Los fondos se desembolsaron en dos etapas por parte de la Oficina Administradora de Bienes Incautados (OABI), ente del Ministerio Público (MP) que se encarga de custodiar los recursos decomisados a los criminales.

La Ley de Disponibilidad Emergente de Activos Incautados fue aprobada en noviembre de 2010 y definió que los recursos se entregaran a finales de ese año e inicios de 2011, tal como se ha hecho.

Repartido. La secretaría de Defensa recibió 50.5 millones de lempiras más US$1 millón (equivalente a cerca de 19 millones de lempiras), para un total en lempiras de más de 69.5 millones (US$3,6 millones).

El ministerio Público recibió igual cantidad en lempiras y en dólares que Defensa.

Asimismo, la secretaría de Seguridad se benefició con 50.5 millones de lempiras y una suma adicional de US$1.190.000, es decir, cerca de 22 millones de lempiras. Estos recursos para Seguridad suman en total 72.5 millones de lempiras (US$3,7 millones).

Para el proyecto Bono 10 mil se destinaron casi 20 millones de lempiras (US$1.038.000), lo mismo que para la Secretaría de Desarrollo Social.

El principal objetivo de este dinero fresco es el fortalecimiento de la lucha contra el crimen organizado, en vista de la limitada logística con la que cuentan la Fiscalía, Seguridad y Defensa, instituciones a las que se aprobó un mayor porcentaje de ayuda, dijo el director de la OABI, Omar Zúniga.

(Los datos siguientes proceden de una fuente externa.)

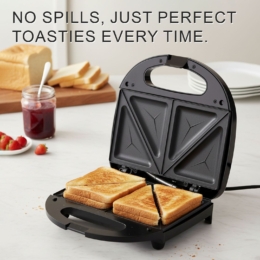 HomeTronix 2 Slice Sandwich Toaster – Deep Fill Toastie Maker with Non-Stick Plates, Cool Touch Handles, Easy Clean Stainless Steel Design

En la ley existe un artículo que obliga a las entidades receptoras de los fondos a hacer una liquidación de los gastos.

"Es un proceso al cual nos aprestamos (auditoría de los recursos), desconozco si lo piensa hacer la OABI o directamente el Ministerio Público, pero en todo caso es una facultad del Ministerio Público", indicó Zúniga.

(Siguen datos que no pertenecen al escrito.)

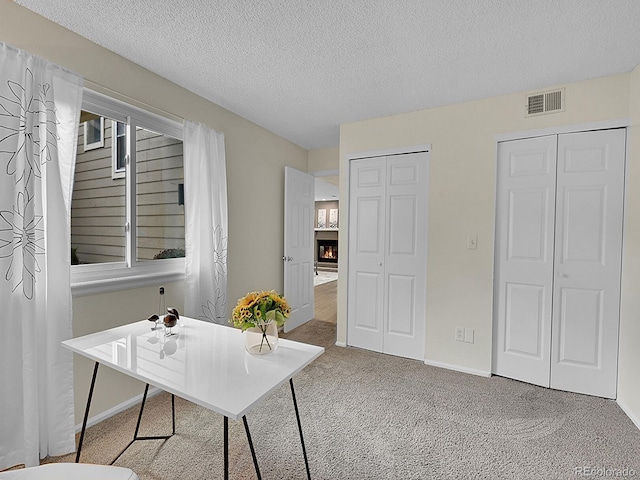 office with carpet floors and a textured ceiling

Parte de este dinero repartido que estaba bajo la administración de la OABI ya era propiedad del Estado según sentencias judiciales, pero otras cantidades solo estaban bajo custodia y a la espera que la justicia determine si se lo acredita al gobierno o se le devuelve a sus dueños a quienes se le decomisó.

En caso de que una personas acredite la legitima propiedad de los fondos, la Ley de Disponibilidad Emergente de Activos Incautados constituye al Estado como aval de esos recursos para que pueda garantizar que se devolverán. El funcionario consideró que este tipo de normas sirven para equilibrar un poco las fuerzas "en esta guerra" con el crimen organizado.

El Ministerio Público cuenta con un presupuesto de 840 millones de lempiras, mientras que a la Secretaría de Seguridad se le asignaron 3.110 millones.

Destino. El ministro de Seguridad, Óscar Álvarez, dijo que parte de los fondos que se recibieron ya se han invertido en la compra de cierto equipo menor.

"Ya se hizo la primera acción de desembolso y se han comprado los chalecos y conos (nuevos, color amarillo limón)", aseguró. Pero en un mediano plazo se piensa adquirir un lote de radio con un sistema especial que hace casi imposible que su señal sea interceptada.

"Son radios digitales especiales porque los delincuentes han estado interceptando nuestras comunicaciones, pero ahora no lo podrán hacer", expresó Alvarez.

Asimismo, está programada la adquisición de varios vehículos, ya sea para investigaciones especiales o para patrullas, explicó. Además de Ley de Disponibilidad Emergente de Activos Incautados, se cuenta con la Ley de Extinción de Dominio, que permite hacer uso expedito de bienes decomisados al crimen organizado. El Ministerio Público constituyó una fiscalía especial para manejar esos fondos.